In an extraordinary construction boom, the isolated Central Asian country of Turkmenistan is spending billions of dollars remodelling its capital, Ashgabat, into a gleaming white showpiece where even the curbs are made of marble.
The gas-rich country says that US$8 billion in international investment and 4 trillion manats (US$1.9 billion) of its own funds have poured in since it gained independence from the Soviet Union in 1991.
“We are directing the profit from gas exports into improving the quality of life of our people,” Turkmen President Gurbanguly Berdimuhamedov said.
Photo: AFP
Turkmenistan claims to have the world’s fourth-biggest supplies of natural gas, with estimated reserves of more than 24 trillion cubic meters, according to oil company BP.
With a population of 1 million, Ashgabat is now a giant construction site as the government demolishes large areas of low-rise brick buildings from the Soviet era. All new buildings for ministries, government agencies and new apartment blocks are being faced with marble, giving the city the nickname: “White City.”
The 55-year-old president, a dentist by profession, has even ordered that the concrete curbs on central avenues and streets be replaced with marble ones.

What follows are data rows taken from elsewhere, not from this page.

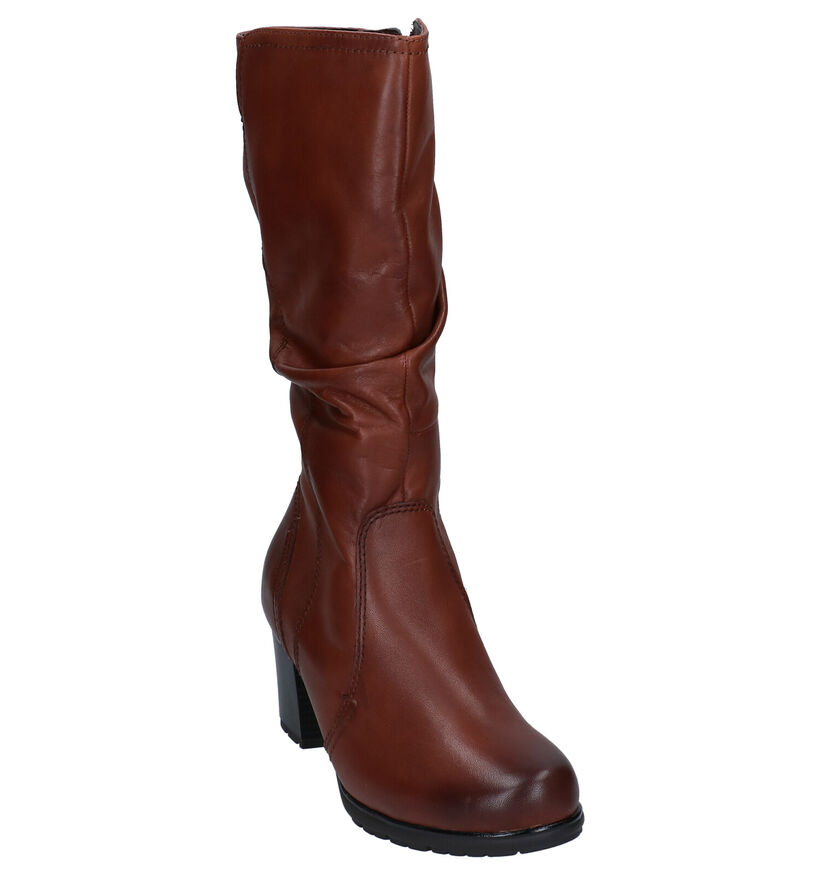 Jana Bottes basses en Cognac en cuir (280896)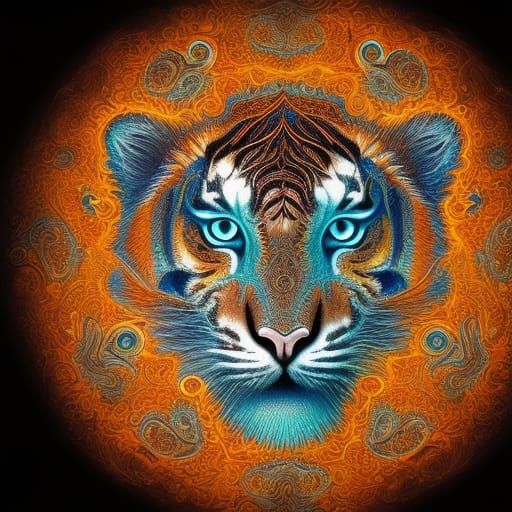 Mystical tiger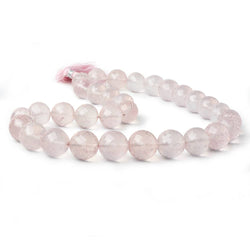 12-15mm Rose Quartz Faceted Round Beads 16 inch 31 pieces AAA (ONLINE ORDER ONLY)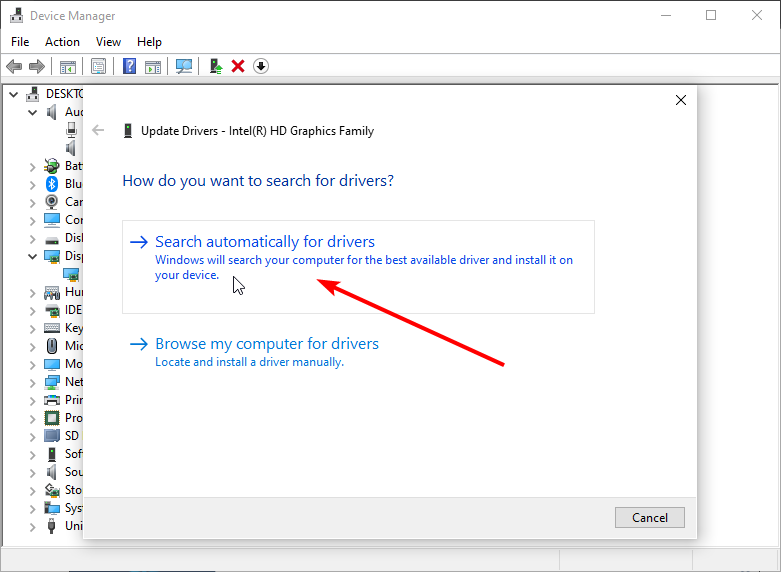 search automatically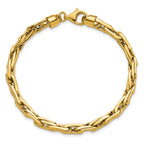 14K Polished 5.0mm Fancy Link Bracelet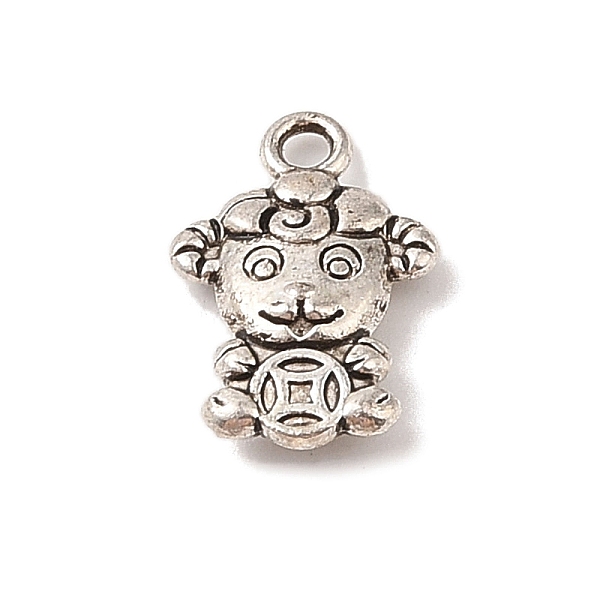 PandaHall Tibetan Style Alloy Pendant, Cadmium Free & Lead Free, Cow, Antique Silver, 17x11x3.5mm, Hole: 1.8mm Alloy Other Animal
PandaHall Tibetan Style Alloy Pendant, Cadmium Free & Lead Free, Cow, Antique Silver, 17x11x3.5mm, Hole: 1.8mm Alloy Other Animal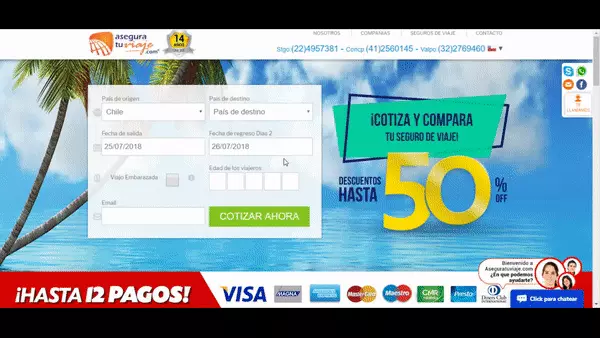 Cómo cotizar y ver las coberturas de tu seguro de viaje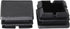 Murtenze 50Pack 1 Inch (25mm) Square Tube End Caps, Black Plastic Square Plugs Tubing Post End Caps for Tubing Chair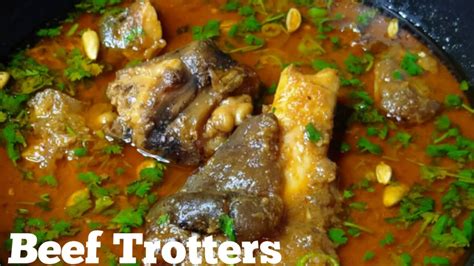 Beef Paya Recipe Beef Trotters Recipe Roohi Diaries Youtube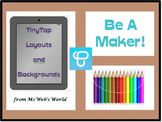 Backgrounds and Layouts for TpT and TinyTap Activities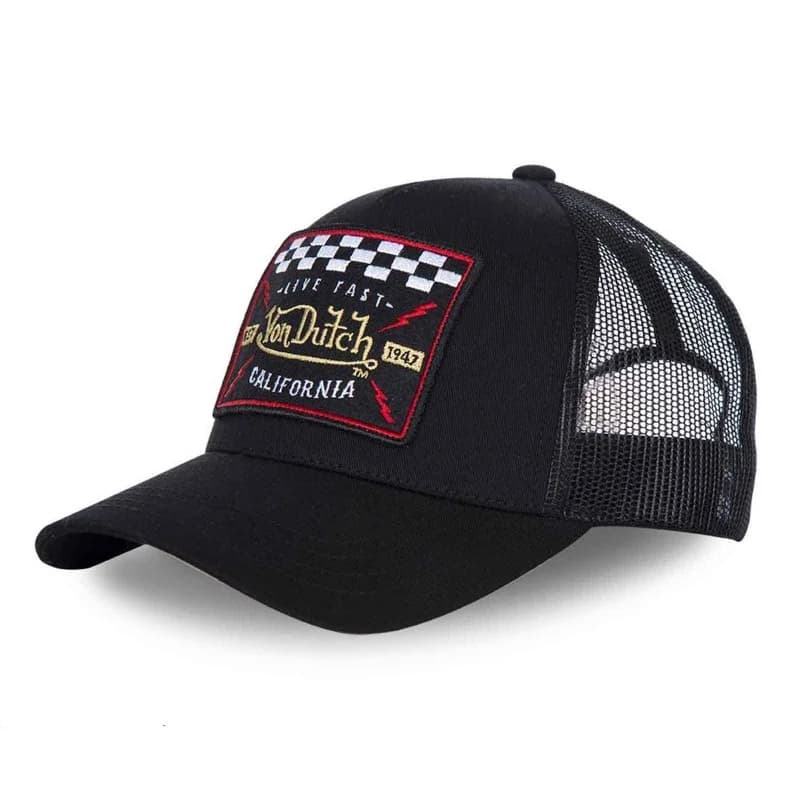 Von Dutch - Casquette Enfant Trucker Motorcycles Live Fast Noir Taille Unique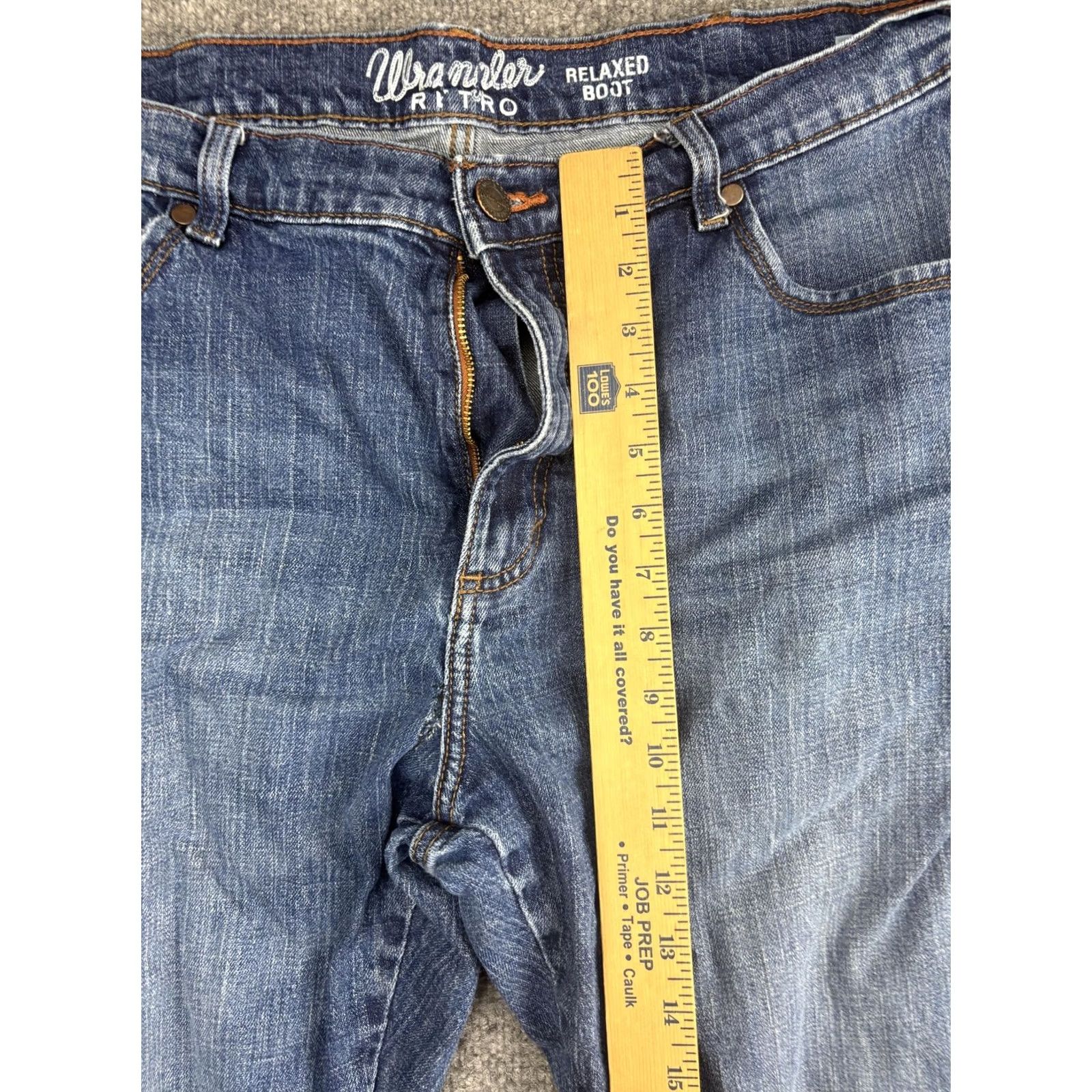 Wrangler VINTAGE? Wrangler Retro Jeans Mens 36x33 Blue Relaxed Bootcut Stretch Denim Classic Size US 36 / EU 52 - 4 Thumbnail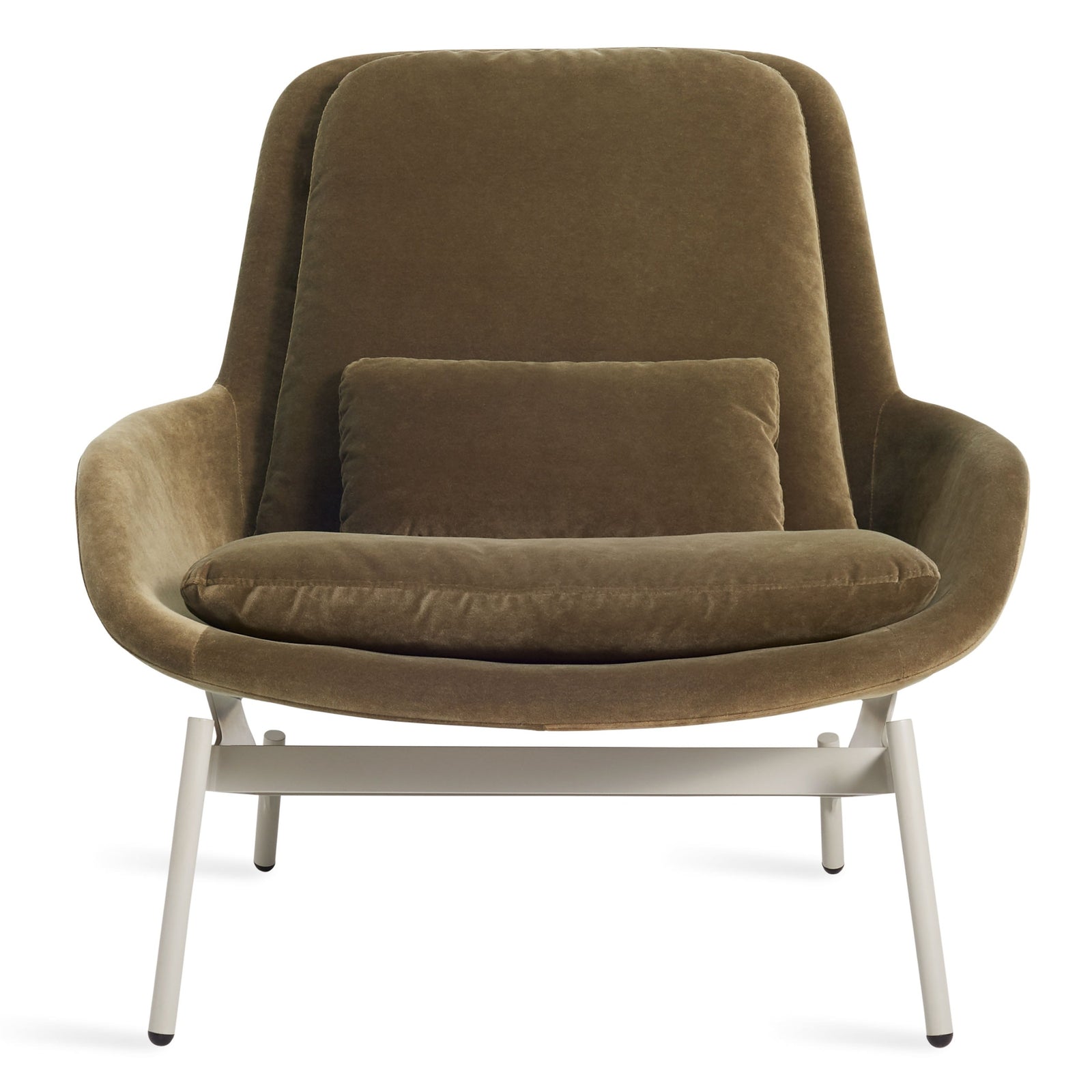 Field Lounge Velvet Chair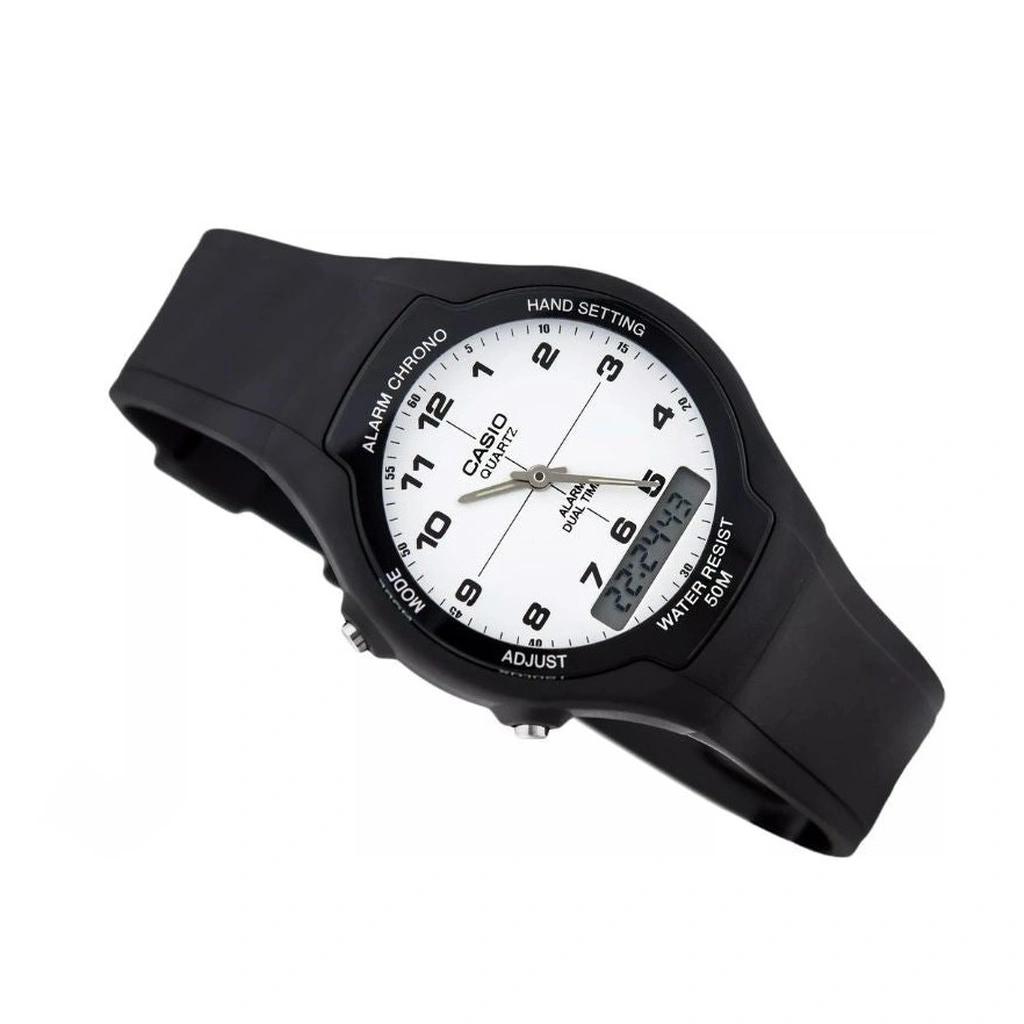 Refurbished Casio Analog Digital Dual Time Quartz AW-90H-7BVDF Men's Watch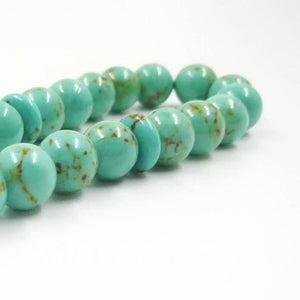 Afghanistan Turquois TASBIH prayer beads 33 beads stone sbah - Bashatasbih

The gleaming facades contrast with the rights record of a country labeled “one of the world’s most repressive” by Human Rights Watch.
Berdimuhamedov has picked up the gauntlet from his predecessor, former Turkmen president Saparmurat Niyazov, who unveiled a revolving gold statue of himself.
Elected after Niyazov’s death in 2006, Berdimuhamedov last year opened a 95m-high ferris wheel that sits atop a leisure center.
In 2011, he unveiled a 185m high monument to the Turkmen Constitution decorated with carpet motifs that cost 45 million euros (US$60 million) and has been heralded as the country’s answer to France’s Eiffel Tower.
He also opened a giant “Palace of Happiness” topped with a globe to be used for wedding ceremonies that cost about US$140 million.
The city also gained a 211m television tower that cost 136.85 million euros and rises out of a building in the shape of an eight-pointed star.
The vast projects are being built by international companies, the dominant of which is Turkish firm Polimeks, which built the constitution monument, the Palace of Happiness and the television tower.
Many residents are dazzled by the whirlwind of construction.
“I can’t keep up with the constant changes in the city. It seems that where there was a wasteland yesterday, today there is a modern building,” 24-year-old student Ashir Nurliyev said.
However, not all are so keen.
“In my opinion, when everything is covered with marble, it makes the city look impersonal, but it bowls over the out-of-towners ... everywhere [there] is opulence and luxury,” said Maya Kurbanova, 43.
Pensioner Dzhapar-aga, 70, said the city has lost its “spirit.”